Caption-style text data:
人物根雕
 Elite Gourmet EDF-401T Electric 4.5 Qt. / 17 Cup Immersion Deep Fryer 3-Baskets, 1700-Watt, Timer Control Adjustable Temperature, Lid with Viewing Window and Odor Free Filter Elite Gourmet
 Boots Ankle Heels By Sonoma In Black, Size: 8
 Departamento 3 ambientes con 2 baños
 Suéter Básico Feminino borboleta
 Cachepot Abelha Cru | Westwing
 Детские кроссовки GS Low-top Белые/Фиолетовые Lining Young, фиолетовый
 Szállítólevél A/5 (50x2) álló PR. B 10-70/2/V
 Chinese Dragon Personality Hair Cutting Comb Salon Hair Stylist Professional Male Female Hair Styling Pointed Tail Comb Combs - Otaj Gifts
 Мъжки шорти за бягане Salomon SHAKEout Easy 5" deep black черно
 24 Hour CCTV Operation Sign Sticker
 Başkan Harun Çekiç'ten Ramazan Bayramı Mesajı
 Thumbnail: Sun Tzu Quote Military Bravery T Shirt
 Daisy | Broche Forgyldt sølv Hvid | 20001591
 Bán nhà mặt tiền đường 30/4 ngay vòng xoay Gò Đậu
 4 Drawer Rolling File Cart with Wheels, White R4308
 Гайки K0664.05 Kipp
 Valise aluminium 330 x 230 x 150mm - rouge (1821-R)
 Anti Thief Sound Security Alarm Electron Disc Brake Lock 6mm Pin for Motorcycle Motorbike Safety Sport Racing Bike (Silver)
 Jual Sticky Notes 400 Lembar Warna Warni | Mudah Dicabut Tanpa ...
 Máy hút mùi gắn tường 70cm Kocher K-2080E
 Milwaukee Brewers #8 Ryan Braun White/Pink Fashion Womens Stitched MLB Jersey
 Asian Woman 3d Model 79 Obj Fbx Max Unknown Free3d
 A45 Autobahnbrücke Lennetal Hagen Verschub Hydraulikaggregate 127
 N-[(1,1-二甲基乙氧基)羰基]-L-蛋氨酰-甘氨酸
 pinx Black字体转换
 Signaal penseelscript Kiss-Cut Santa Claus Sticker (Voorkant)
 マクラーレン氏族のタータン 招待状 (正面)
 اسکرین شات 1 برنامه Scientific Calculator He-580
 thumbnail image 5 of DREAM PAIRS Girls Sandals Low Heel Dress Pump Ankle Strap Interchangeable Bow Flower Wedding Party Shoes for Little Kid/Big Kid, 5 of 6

__Task goal__
Looking at the records above, return exactly the lines from the line with "Valise aluminium 330" to the line with "N-[(1,1-二甲基乙氧基)羰基]-L-蛋氨酰-甘氨酸", both ends included.

__Solution__
 Valise aluminium 330 x 230 x 150mm - rouge (1821-R)
 Anti Thief Sound Security Alarm Electron Disc Brake Lock 6mm Pin for Motorcycle Motorbike Safety Sport Racing Bike (Silver)
 Jual Sticky Notes 400 Lembar Warna Warni | Mudah Dicabut Tanpa ...
 Máy hút mùi gắn tường 70cm Kocher K-2080E
 Milwaukee Brewers #8 Ryan Braun White/Pink Fashion Womens Stitched MLB Jersey
 Asian Woman 3d Model 79 Obj Fbx Max Unknown Free3d
 A45 Autobahnbrücke Lennetal Hagen Verschub Hydraulikaggregate 127
 N-[(1,1-二甲基乙氧基)羰基]-L-蛋氨酰-甘氨酸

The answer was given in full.